Your task —
Pictures aside, return every line below exactly as written.

Records supplied —
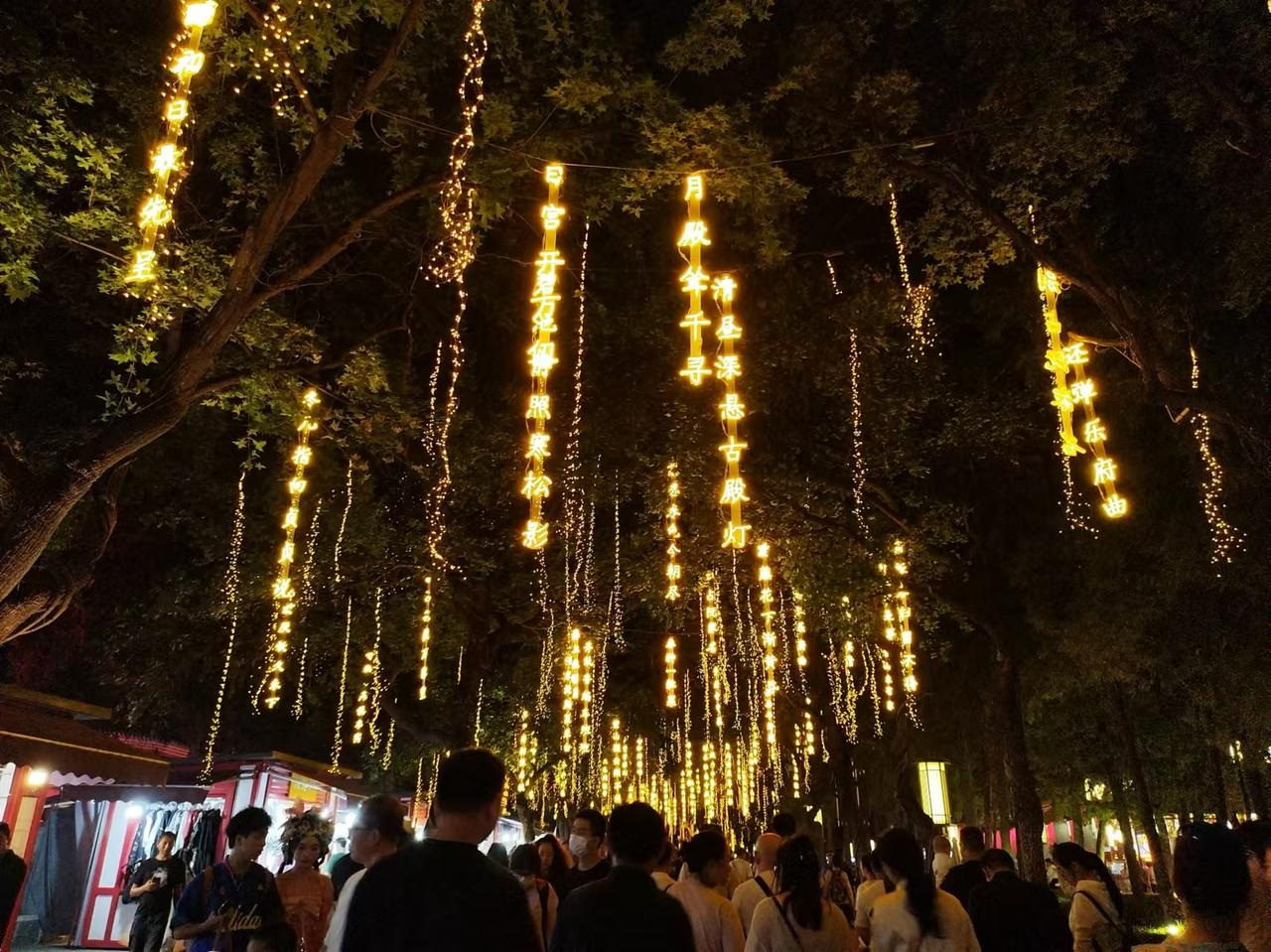  大西安什么都好，就是饭馆不友好，吃饭不给餐巾纸，这一点，也是很迷。这个十一，太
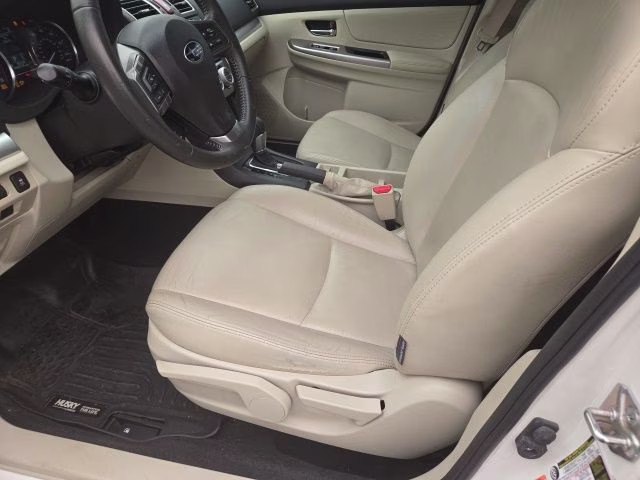 2015 Crystal White Pearl Subaru XV Crosstrek 2.0i Limited AWD SUV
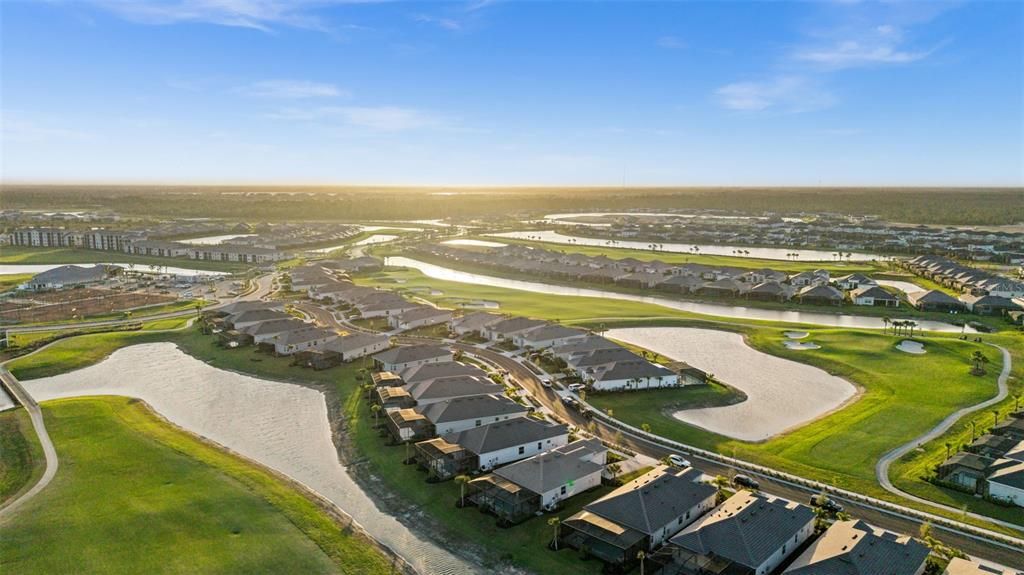 For Sale: $650,000 (3 beds, 3 baths, 2224 Square Feet)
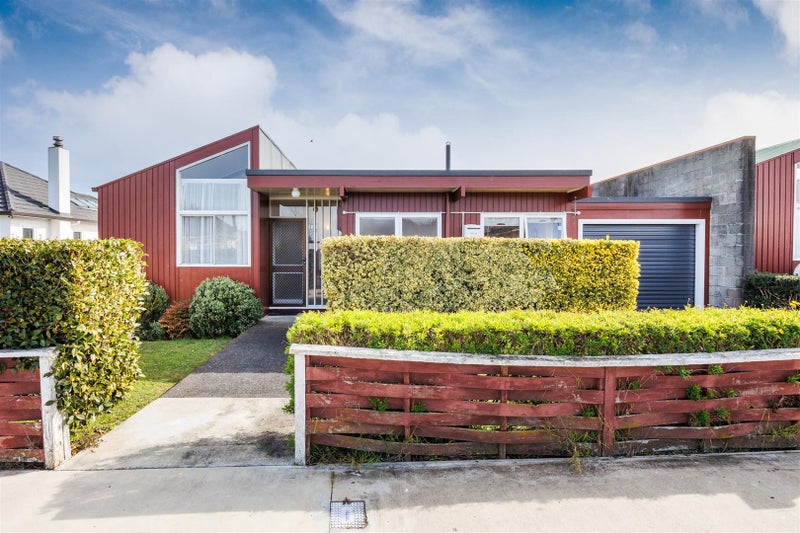 14 Totara Street, Marton - Carousel 1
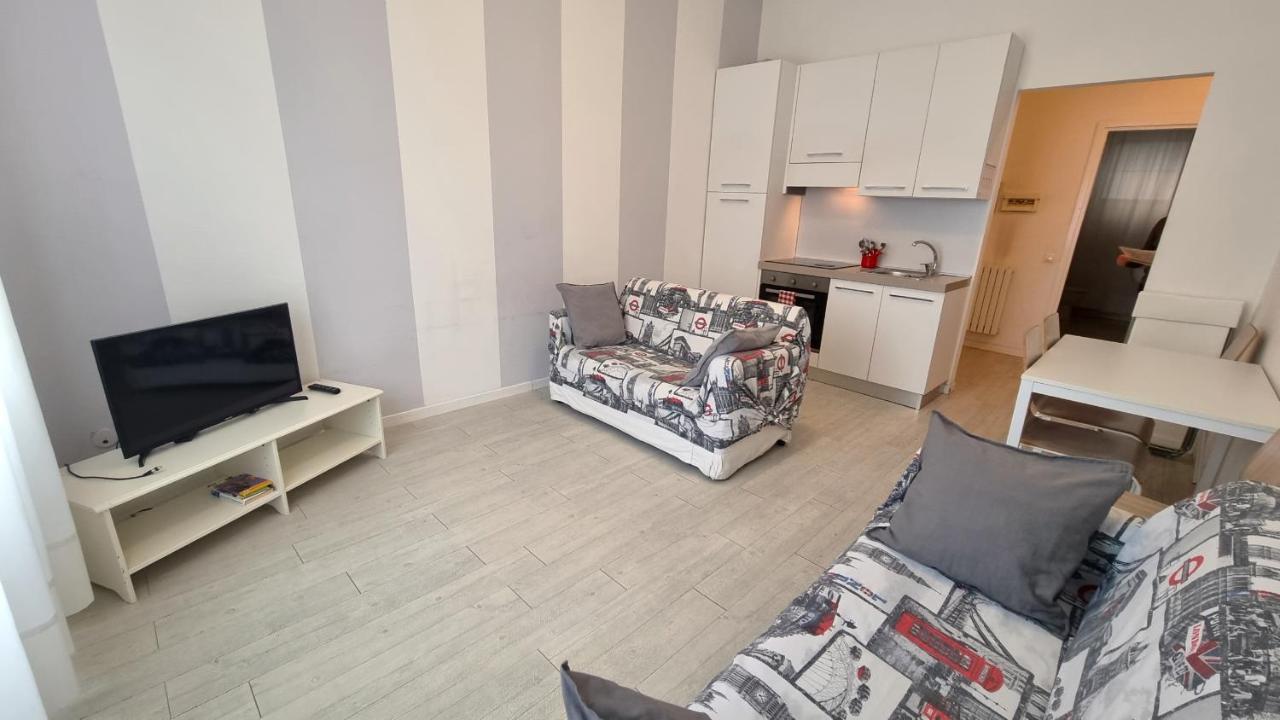 Апартаменты Affittimoderni Milano White Экстерьер фото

Your solution —
  大西安什么都好，就是饭馆不友好，吃饭不给餐巾纸，这一点，也是很迷。这个十一，太
 2015 Crystal White Pearl Subaru XV Crosstrek 2.0i Limited AWD SUV
 For Sale: $650,000 (3 beds, 3 baths, 2224 Square Feet)
 14 Totara Street, Marton - Carousel 1
 Апартаменты Affittimoderni Milano White Экстерьер фото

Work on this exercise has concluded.